Stored data:

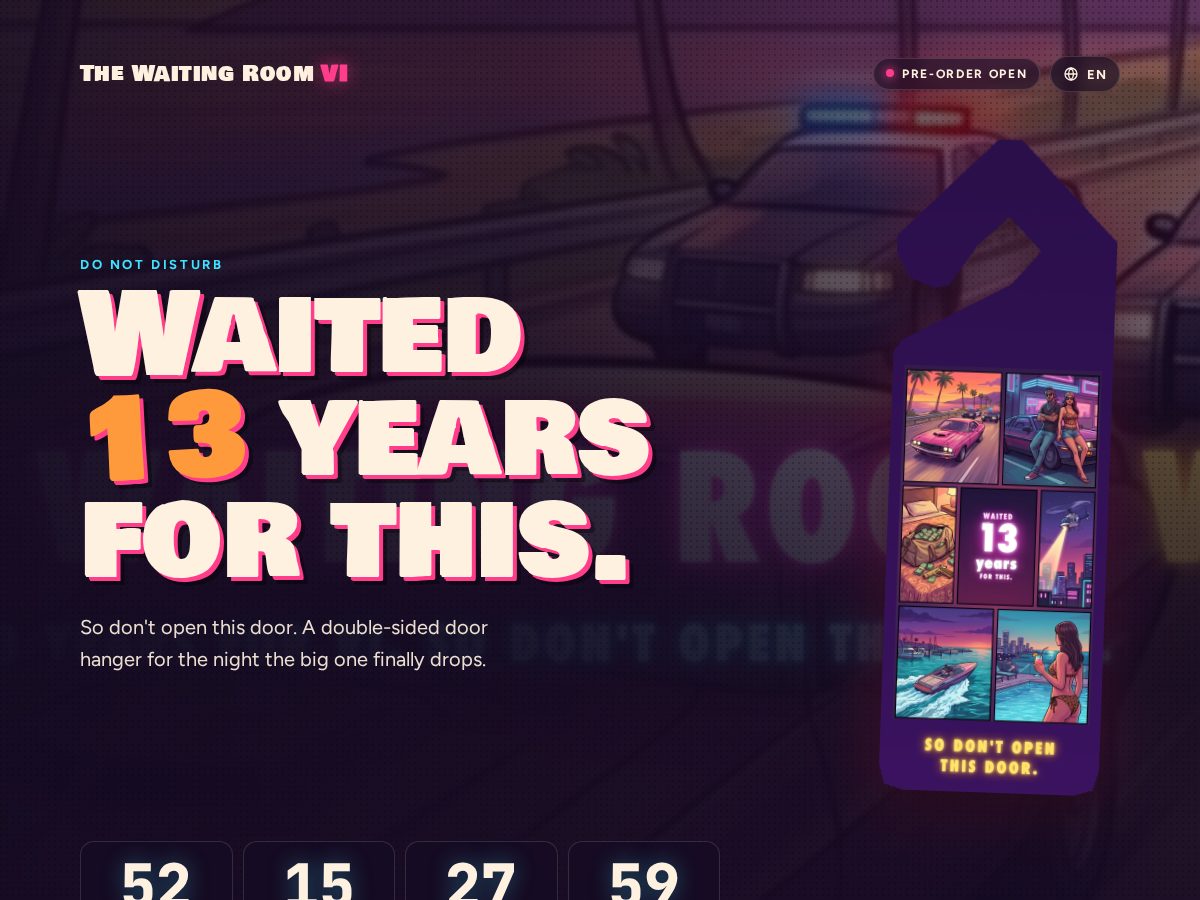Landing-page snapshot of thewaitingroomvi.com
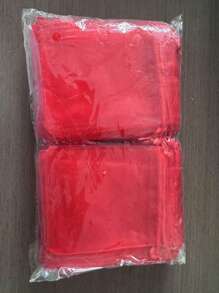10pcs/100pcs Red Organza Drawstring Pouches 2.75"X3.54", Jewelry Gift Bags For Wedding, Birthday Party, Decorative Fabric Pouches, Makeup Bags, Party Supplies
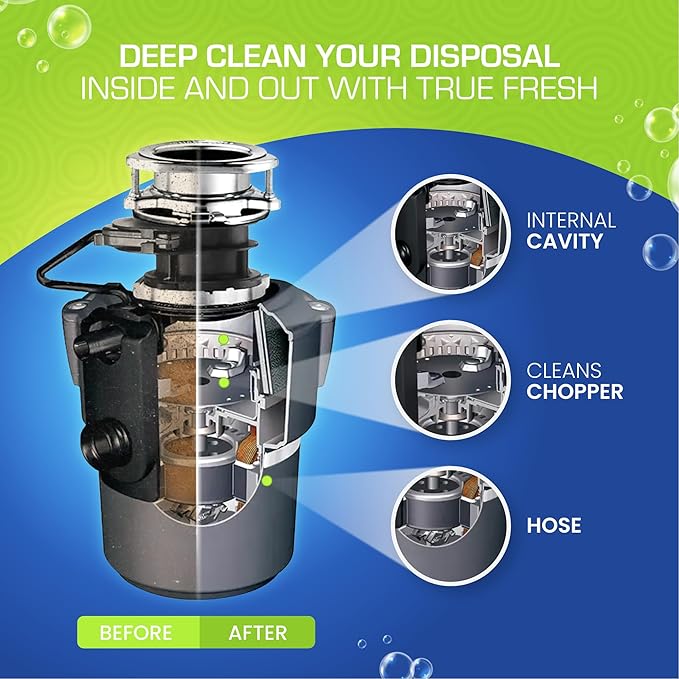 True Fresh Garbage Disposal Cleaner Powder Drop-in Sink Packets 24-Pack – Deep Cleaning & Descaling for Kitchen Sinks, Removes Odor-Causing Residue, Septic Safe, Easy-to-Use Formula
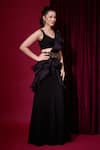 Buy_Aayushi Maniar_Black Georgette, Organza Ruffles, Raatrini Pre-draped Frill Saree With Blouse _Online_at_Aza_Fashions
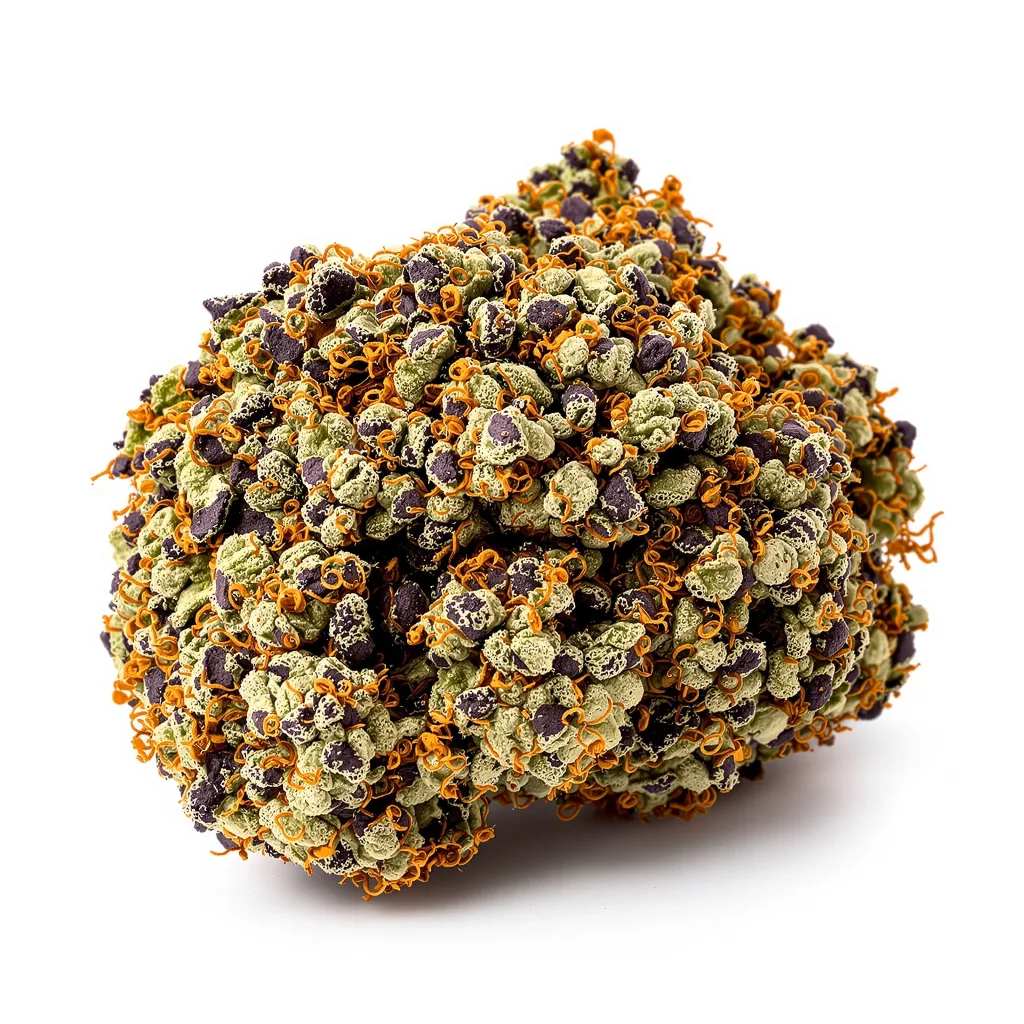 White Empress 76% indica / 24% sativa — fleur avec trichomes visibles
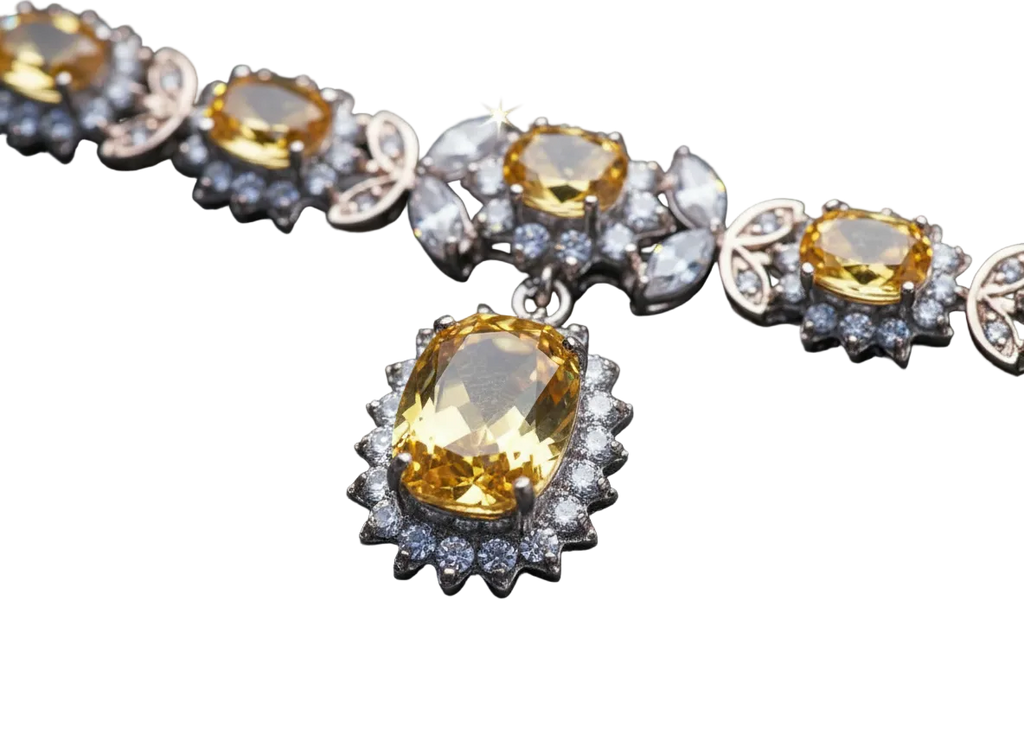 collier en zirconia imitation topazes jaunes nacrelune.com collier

Exercise aim: Set down the material exactly, every line of it, except for the pictures.

Final answer:
Landing-page snapshot of thewaitingroomvi.com
10pcs/100pcs Red Organza Drawstring Pouches 2.75"X3.54", Jewelry Gift Bags For Wedding, Birthday Party, Decorative Fabric Pouches, Makeup Bags, Party Supplies
 True Fresh Garbage Disposal Cleaner Powder Drop-in Sink Packets 24-Pack – Deep Cleaning & Descaling for Kitchen Sinks, Removes Odor-Causing Residue, Septic Safe, Easy-to-Use Formula
 Buy_Aayushi Maniar_Black Georgette, Organza Ruffles, Raatrini Pre-draped Frill Saree With Blouse _Online_at_Aza_Fashions
 White Empress 76% indica / 24% sativa — fleur avec trichomes visibles
 collier en zirconia imitation topazes jaunes nacrelune.com collier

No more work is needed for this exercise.